Introducing my partner David Schwartz, who sends intelligence from the Coast and plenty of it. We’re experimenting with the original idea – logging travels on the Web. (Editorial remarks by D.E.)
1 – How blogs changed everything
Because the Web comes to us on a screen, it has been easy to misapprehend it as the next phase in the evolution of television.
A lot of people should read this, e.g. cultural lobbyists who say things like “Broadcasting is broadcasting, and the CRTC has a duty to regulate it, whether it’s on a TV, a laptop or a Blackberry.” The Web is not TV on downers.
2 – Calling bullshit on social media
Social media is a stupid term. Is there any anti-social media out there? Of course not. All media, by definition, is social in some way.
Sorry, but TV is in no way social like Twitter is social.
3 – 360i Publishes Social Marketing Playbook
Marketing used to be different – a lot different.
Not so helpful imho. Life is marketing.
4 – How to go viral
Nanostories, self-marketing, flash mobbing.

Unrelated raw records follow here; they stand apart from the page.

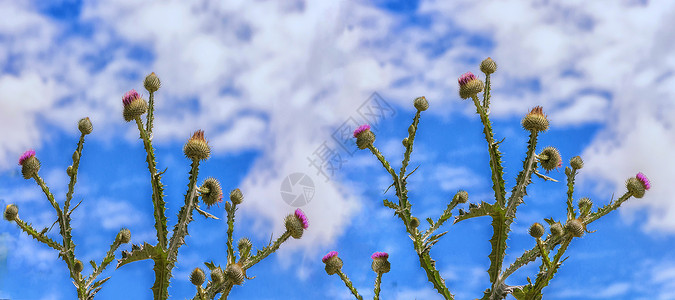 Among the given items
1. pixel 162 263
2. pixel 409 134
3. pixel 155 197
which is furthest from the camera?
pixel 409 134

Viral marketing is a stupid term.
5 – The Future of the Music Industry (18 min video by Gerd Leonhard)
Paying with cash – or attention.
Great stuff, but if you’re in the music biz, you still won’t be convinced.
6 – Social Networks Keep Privacy in the Closet
Why social networking sites feel compelled to bury their privacy settings.
One of the new jobs for us parents in the digital age: building awareness of privacy settings.
7 – The White House Office on Social Innovation: A New Paradigm for Solving Social Problems
Retailer John Wannamaker once famously quipped that “Half the money I spend on advertising is wasted. The trouble is I don’t know which half.”
New FCC chair Julius Genachowski promised a complete website makeover this week. The CRTC should do the same. We (in Canada) need a huge paradigm shift in civic consultation.